Hi Victor,
On Wed, Mar 28, 2001 at 04:15:56PM +0200, Victor Pikula wrote:
> I do not have all the answers, but maybe Juergen and r e n's friend at
> DoCoMo do. They have made the tactical decision not to share it with this
> list. In the case of nooper.com, I fully understand. It buys them their
> sushi. In the case of DoCoMo, well, I do have a slight idea of what their
> priorities are in this matter :-)
Juergen, sushi tomorrow?
> Additional problems:
> 4) DoCoMo indicates that 90% of their users are pressing the i-mode button
> at least once a week. But how does that translate to people *knowing* what
> that button does? And couldn't they just be pressing it incidentally, not
> actually using any of the services? Also, is the email function accessed
> separately from the i-mode button?
Just to add that pressing the "i" button doesn't actually get you to the
i-mode menu on any phone that I've seen. It does get you to a internet
oriented menu, with such options as the "i-menu" among other things though, so
they have to select that too... The only 1 press mechanism I've seen is
on the late N series which have the home page functionality. Still not saying
that they know what any of this is though and don't access it accidently
now and again and go online.
> 5) It could very well be that the questions asked in the Hakuhodo research
> were confusing. I can imagine them standing on that Shibuya street corner
> (natsukashii na) and asking people:
>
> (a) Do you have an internet-enabled phone?
> (b) Do you use the internet fuctions on your phone?
>
> Question (a) is not that hard to answer.
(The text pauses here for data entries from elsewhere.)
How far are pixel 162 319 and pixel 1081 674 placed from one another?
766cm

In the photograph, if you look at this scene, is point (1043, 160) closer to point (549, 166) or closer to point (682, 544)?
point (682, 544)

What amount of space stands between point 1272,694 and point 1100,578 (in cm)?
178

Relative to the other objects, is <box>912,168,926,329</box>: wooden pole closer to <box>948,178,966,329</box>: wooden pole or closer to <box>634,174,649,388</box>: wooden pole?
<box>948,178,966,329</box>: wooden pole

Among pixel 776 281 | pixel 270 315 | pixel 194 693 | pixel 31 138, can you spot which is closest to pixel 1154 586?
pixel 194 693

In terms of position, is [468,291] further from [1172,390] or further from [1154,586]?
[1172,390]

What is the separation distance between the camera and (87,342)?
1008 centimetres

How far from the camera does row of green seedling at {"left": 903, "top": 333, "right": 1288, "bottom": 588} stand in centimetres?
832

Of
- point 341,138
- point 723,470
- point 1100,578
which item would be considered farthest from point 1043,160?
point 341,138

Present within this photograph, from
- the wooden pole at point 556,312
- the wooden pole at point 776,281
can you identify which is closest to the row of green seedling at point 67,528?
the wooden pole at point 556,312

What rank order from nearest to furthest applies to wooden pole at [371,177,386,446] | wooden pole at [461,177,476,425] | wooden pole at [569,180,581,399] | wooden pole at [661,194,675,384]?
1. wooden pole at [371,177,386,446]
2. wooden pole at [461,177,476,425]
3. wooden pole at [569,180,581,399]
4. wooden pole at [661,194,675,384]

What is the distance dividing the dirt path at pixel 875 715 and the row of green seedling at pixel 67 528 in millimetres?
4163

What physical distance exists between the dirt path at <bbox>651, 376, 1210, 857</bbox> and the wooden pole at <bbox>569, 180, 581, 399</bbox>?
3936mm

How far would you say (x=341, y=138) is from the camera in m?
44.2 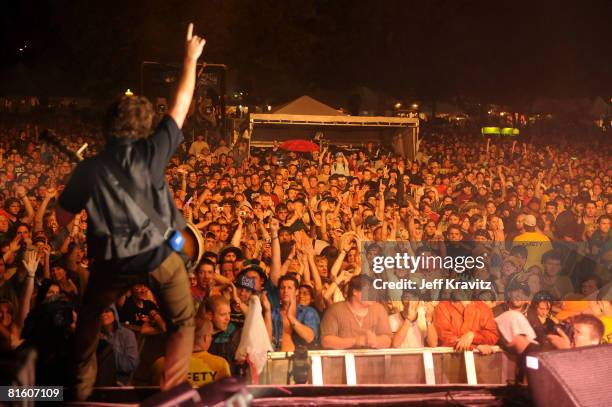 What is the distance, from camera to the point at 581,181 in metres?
9.38

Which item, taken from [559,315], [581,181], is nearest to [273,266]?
[559,315]

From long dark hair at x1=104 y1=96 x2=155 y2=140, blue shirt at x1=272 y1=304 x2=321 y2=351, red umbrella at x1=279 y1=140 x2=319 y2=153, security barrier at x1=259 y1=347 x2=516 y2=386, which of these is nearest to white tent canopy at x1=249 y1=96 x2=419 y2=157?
red umbrella at x1=279 y1=140 x2=319 y2=153

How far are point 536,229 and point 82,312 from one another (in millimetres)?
5081

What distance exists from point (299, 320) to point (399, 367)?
741 mm

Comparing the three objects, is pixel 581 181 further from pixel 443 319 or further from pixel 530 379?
pixel 530 379

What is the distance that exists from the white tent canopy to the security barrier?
7.76m

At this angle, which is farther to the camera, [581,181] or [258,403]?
[581,181]

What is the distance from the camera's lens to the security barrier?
400 centimetres

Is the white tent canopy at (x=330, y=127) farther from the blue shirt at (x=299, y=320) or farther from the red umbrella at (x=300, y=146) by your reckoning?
the blue shirt at (x=299, y=320)

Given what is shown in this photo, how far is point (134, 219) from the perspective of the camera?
8.72 ft

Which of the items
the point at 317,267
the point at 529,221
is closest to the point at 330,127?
the point at 529,221

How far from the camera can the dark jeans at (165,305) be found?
2730 millimetres

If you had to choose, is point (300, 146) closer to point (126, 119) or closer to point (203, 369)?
point (203, 369)

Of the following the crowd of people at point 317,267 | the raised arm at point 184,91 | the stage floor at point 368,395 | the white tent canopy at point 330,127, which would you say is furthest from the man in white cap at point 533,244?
the white tent canopy at point 330,127
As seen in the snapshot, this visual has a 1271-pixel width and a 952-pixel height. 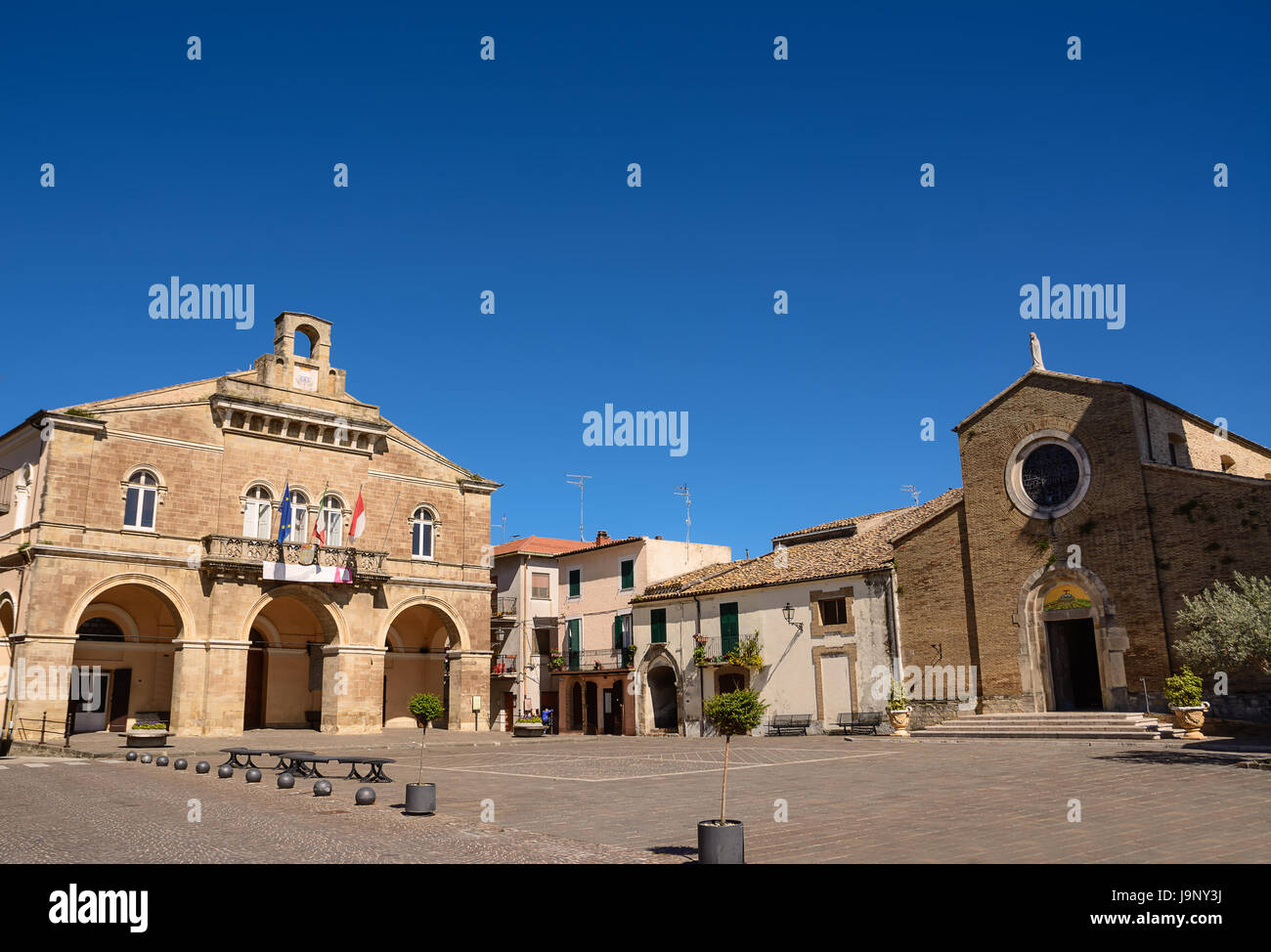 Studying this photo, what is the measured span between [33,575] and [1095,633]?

Just look at the type of the
> phone... and voila. But for the (b) question: If it were not formulated
> correctly, Hakuhodo would end up getting the wrong responses...
>
> Why?
>
> Because people (and certainly people over 40) may not *realize* they are
> using their phone to access the internet. "That button over there, labelled
> "i-mode", does that *really* bring me onto the internet?"
>
> Moreover, the whole point of DoCoMo (and J-Phone et al) marketing was to
> actually trick people into thinking it was just "another feature of the
> phone"... are you catching my drift? Respondants may not have made the link
> [i-mode=www-server=internet] like we so easily do.
Totally agree.
> Could people on this list and living in Japan give us a first-hand
> impression on how often hey see people walking the streets, using their
> i-mode phones? I stopped believing quotes from ZDNet reporters a long, long
> time ago, and they claimed everyone is doing it (but this would include
> email-usage I suppose)
I must be special but I see it all the time and not only i-mode phones.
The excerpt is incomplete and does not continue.